Planetary-scale image geolocalization, the process of identifying the geographic location of an image, represents a significant challenge in computer vision due to the enormous diversity and complexity of global images. Traditional methods that primarily focus on landmark images have had difficulty generalizing to unfamiliar locations.
The game “Geoguessr,” which has 65 million players, highlights this challenge by challenging players to identify the location of street view images anywhere in the world. Research paper titled “PIGEON: PREDICTING IMAGE GEOLOCATIONS”We describe in detail how to solve this problem in ” Researchers at Standord University have developed two innovative models, PIGEON and PIGEOTTO, which represent a significant advance in image geolocation technology.

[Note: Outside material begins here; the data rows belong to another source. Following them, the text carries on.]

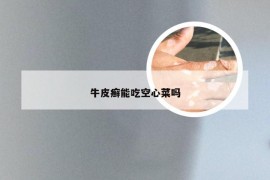 牛皮癣能吃空心菜吗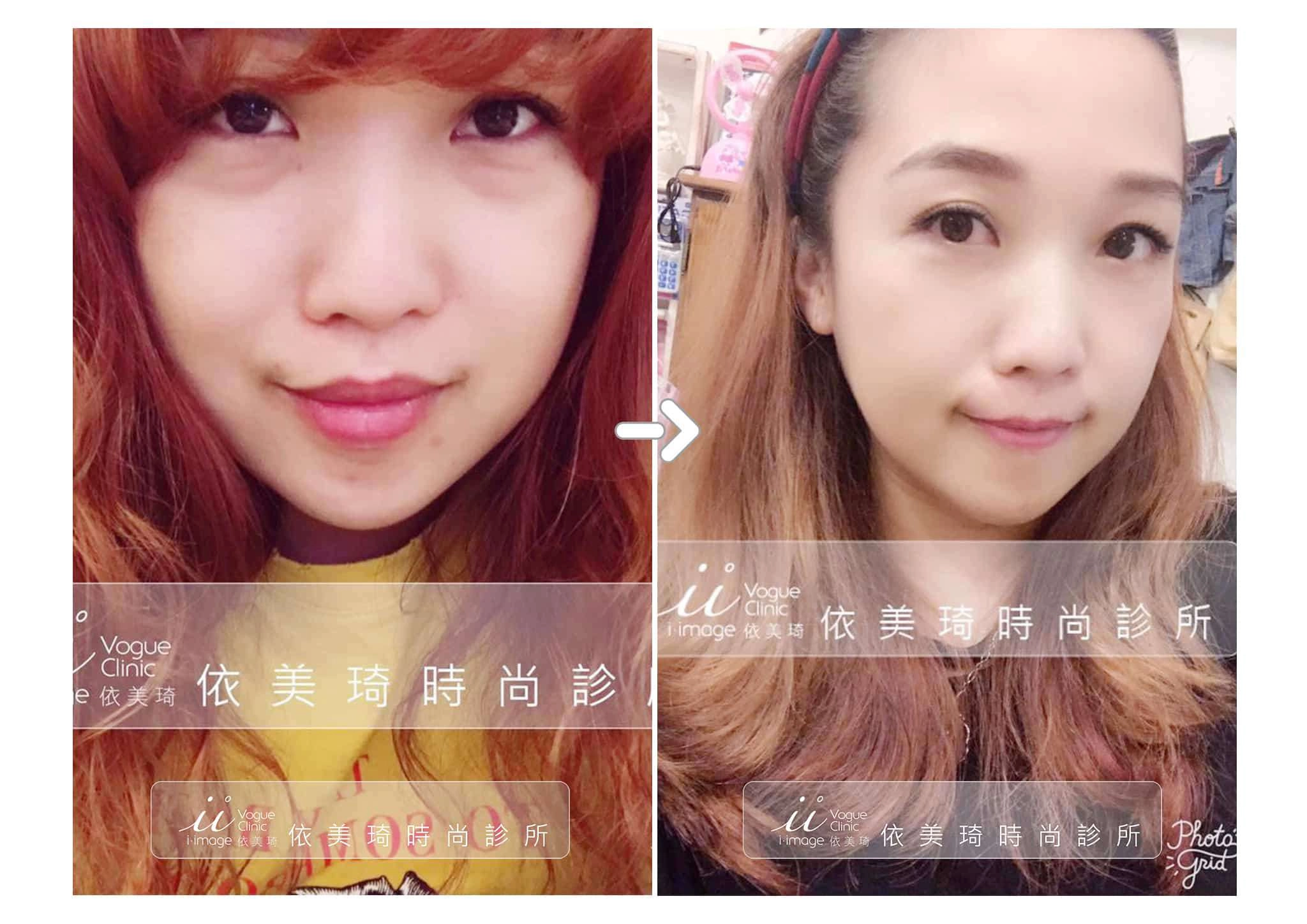 眼袋案例分享
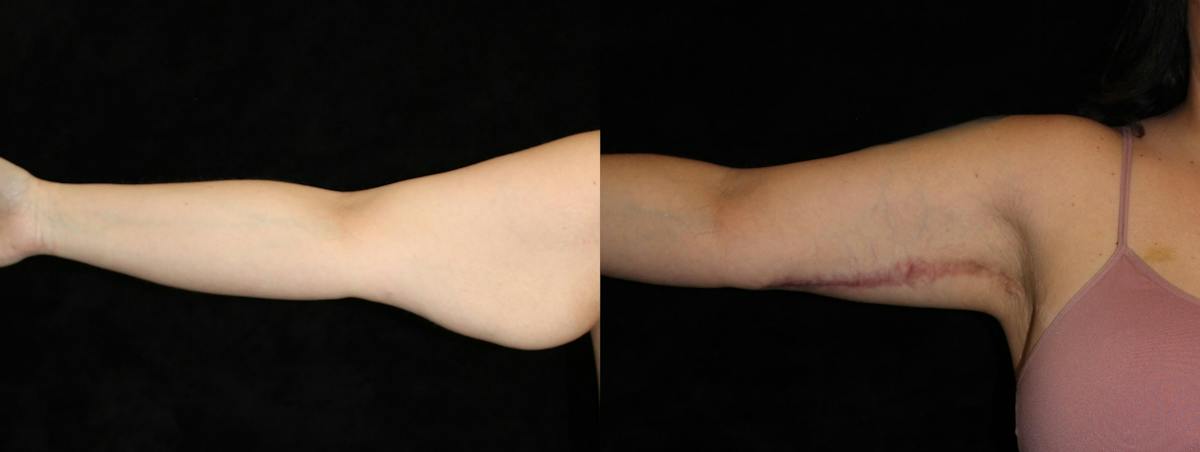 Arm Lift Before & After Gallery - Patient 219685 - Image 1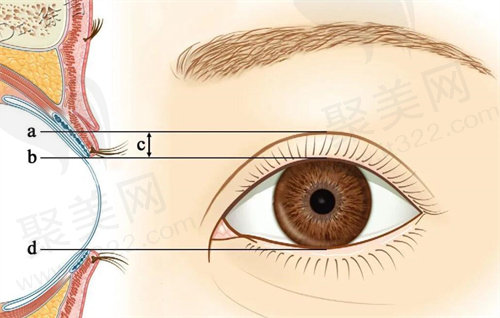 张姣姣医生做双眼皮手术可综合修复多项眼部缺陷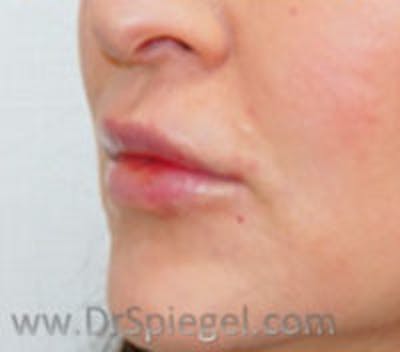 Lip Filler Before & After Gallery - Patient 695508 - Image 4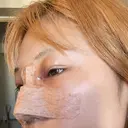 目頭切開 / 隆鼻術 / 鼻尖形成（切開） / 軟骨移植 湘南美容クリニック 金山院 DAY 2 サムネイル用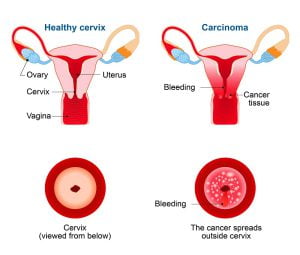 Image of a healthy cervix vs a cervix with cervical cancer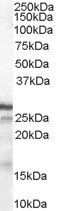 Goat anti-P27KIP1 / CDKN1B (C Terminus) Antibody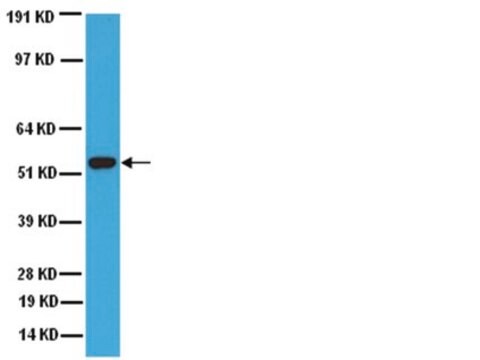 Anti-Cytochrom P450-Enzym-CYP2E1-Antikörper serum, Chemicon&#174;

PIGEON (Predicting Image Geolocations) is a model trained on planetary-scale street view data that predicts geographic locations by inputting four image panoramas. Remarkably, PIGEON is able to place more than 40% of its predictions within a 25 km radius of the exact location globally, a remarkable achievement in the field. The model competes against Geoguessr’s top human players, ranking in the top 0.01%. It has proven its excellence by ranking and consistently outperforming them.
In contrast, PIGEOTTO does not rely on street view data, but is trained on a more diverse dataset of over 4 million photos from Flickr and Wikipedia. The model uses a single image input and achieves state-of-the-art results on a variety of image geolocation benchmarks, significantly reducing median distance error and demonstrating robustness to location and image distribution shifts.
The technical backbone of these systems includes sophisticated methodologies such as semantic geocell generation, multi-task contrastive dictionary learning, novel loss functions, and downstream guessing improvements. These methods contribute to minimizing distance errors and increasing the accuracy of location information prediction.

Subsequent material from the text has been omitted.